173. If the problem is therefore, to quote the words of Advocate General Jacobs, (87) ‘how to ensure – within the limitations imposed by the wording and structure of the Treaty – that individual applicants are granted effective judicial protection’, the reply in a case such as the present one is, as I have indicated, to recognise that an action for the compensation sought by the appellants is brought in the national court and not in the Community court. If, however, contrary to what I maintain, it were to be held that a remedy of this kind in the national court were not admissible, recognising as an alternative the jurisdiction of the Community court would constitute not a wide interpretation or an interpretation praeter legem but an interpretation contra legem of the combined provision of Articles 46 EU and 35 EU.

174. In this second hypothesis, there would be an insoluble conflict between the general principle of effective judicial protection of rights, which is recognised indirectly in Article 6(2) EU, and the principle of conferred powers enshrined in Article 5 EU and the combined provision of Articles 46 EU and 35 EU.

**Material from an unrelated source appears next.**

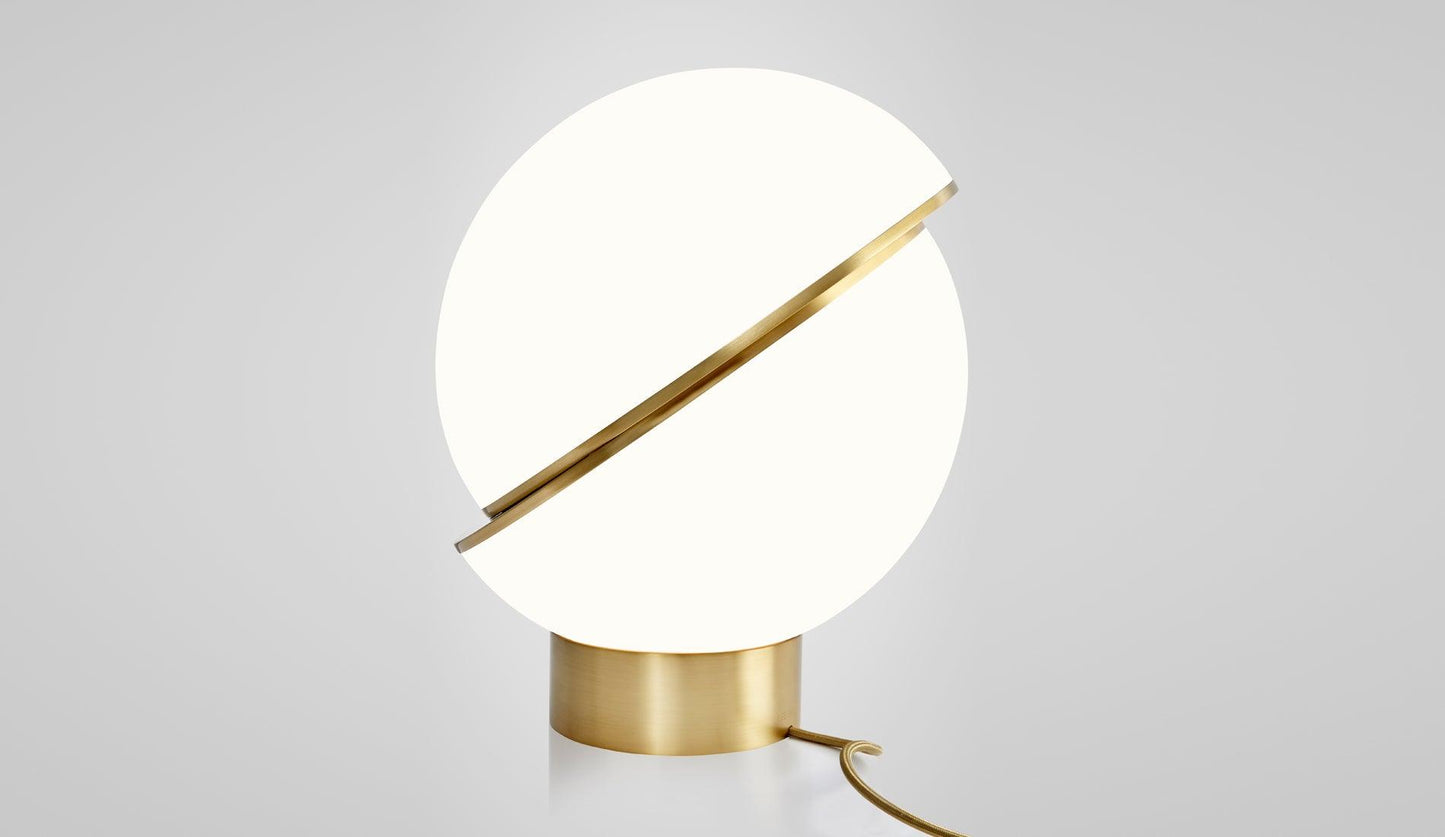 Lee Broom - Lee Broom Crescent Tischleuchte - Tischleuchten - Sarto Group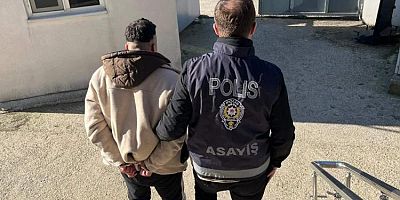 Bursa’da 8 yıl 7 ay cezası bulunan şahıs cezaevine gönderildi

175. This conflict is similar to the one between the general principle of effective judicial protection of rights and the principle of conferred powers enshrined in Article 7 EC and Article 173 of the EC Treaty, which the Court implicitly took into account in paragraph 44 of the judgment in Unión de Pequeños Agricultores v Council and which it resolved by granting priority to the principle of conferred powers and Article 173 of the EC Treaty, as correctly observed by the Court of First Instance in paragraph 38 of the contested orders.

176. I do not believe that on other occasions the Court has had to examine a situation involving a clear and insoluble conflict requiring a stark choice between provisions and primary principles. (88) I note, moreover, that the rules that would come into conflict in the present case are all in a sense ‘constitutional’, in that they relate on the one hand to the identification of the fundamental limits to the exercise of public power vis-à-vis the individual and, on the other, to the distribution of that power among the various institutions charged with exercising it.

177. To give priority to the fundamental right to effective judicial protection and to disapply for that purpose the relevant provisions of the EU Treaty on the powers of the Court of Justice would necessitate recognising that there was also a hierarchy among primary rules and a kind of ‘supra-constitutional’ value in the respect for fundamental rights. I consider that such an approach, while not in itself alien, is not permissible in the present state of Union law, not least because the current treaties do not explicitly list the fundamental rights guaranteed by the Union. The Charter cannot, in my opinion, make good the lack of such a list, since it is only a source of inspiration for the Community court and national courts in clarifying the fundamental rights protected by Union law as general principles and has no binding legal force. That limitation would obviously no longer apply if all the Member States ratified the Treaty establishing a Constitution for Europe, Part II of which lists the fundamental rights, among which is expressly enshrined, in Article II-107, the ‘right to an effective remedy and to a fair trial’.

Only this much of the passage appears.